In the entries below, find the line with "Pressione al suolo" and the line with "Midnight Blue Cotton Fabric Straight Shawl". Print those two and everything between them exactly, and nothing else.

*** DATA EXCERPTS ***

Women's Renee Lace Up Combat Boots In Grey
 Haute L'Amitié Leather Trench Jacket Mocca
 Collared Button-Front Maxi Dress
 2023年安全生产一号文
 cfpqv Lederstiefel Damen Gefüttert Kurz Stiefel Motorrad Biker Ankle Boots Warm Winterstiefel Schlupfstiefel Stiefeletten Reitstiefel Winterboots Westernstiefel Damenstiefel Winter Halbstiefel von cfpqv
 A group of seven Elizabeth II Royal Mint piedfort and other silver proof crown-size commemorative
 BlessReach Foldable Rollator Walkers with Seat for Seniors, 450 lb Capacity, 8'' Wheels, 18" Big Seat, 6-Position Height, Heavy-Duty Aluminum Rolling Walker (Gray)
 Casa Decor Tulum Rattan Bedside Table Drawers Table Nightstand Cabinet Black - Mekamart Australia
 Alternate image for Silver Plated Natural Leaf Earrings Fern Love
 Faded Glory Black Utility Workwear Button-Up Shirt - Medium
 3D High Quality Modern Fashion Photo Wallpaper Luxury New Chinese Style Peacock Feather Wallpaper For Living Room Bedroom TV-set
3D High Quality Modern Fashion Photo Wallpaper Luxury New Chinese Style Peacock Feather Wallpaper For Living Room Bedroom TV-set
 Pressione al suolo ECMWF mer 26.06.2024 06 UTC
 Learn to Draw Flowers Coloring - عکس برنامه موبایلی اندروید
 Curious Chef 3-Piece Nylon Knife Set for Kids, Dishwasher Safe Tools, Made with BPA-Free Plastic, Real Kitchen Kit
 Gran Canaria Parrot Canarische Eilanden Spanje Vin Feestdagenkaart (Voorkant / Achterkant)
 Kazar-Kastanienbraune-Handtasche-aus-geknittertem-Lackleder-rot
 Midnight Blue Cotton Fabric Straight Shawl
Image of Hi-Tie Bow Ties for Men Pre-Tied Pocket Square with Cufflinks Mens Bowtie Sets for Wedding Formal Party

*** End of DATA EXCERPTS ***

- [WRITTEN ANSWER]
 Pressione al suolo ECMWF mer 26.06.2024 06 UTC
 Learn to Draw Flowers Coloring - عکس برنامه موبایلی اندروید
 Curious Chef 3-Piece Nylon Knife Set for Kids, Dishwasher Safe Tools, Made with BPA-Free Plastic, Real Kitchen Kit
 Gran Canaria Parrot Canarische Eilanden Spanje Vin Feestdagenkaart (Voorkant / Achterkant)
 Kazar-Kastanienbraune-Handtasche-aus-geknittertem-Lackleder-rot
 Midnight Blue Cotton Fabric Straight Shawl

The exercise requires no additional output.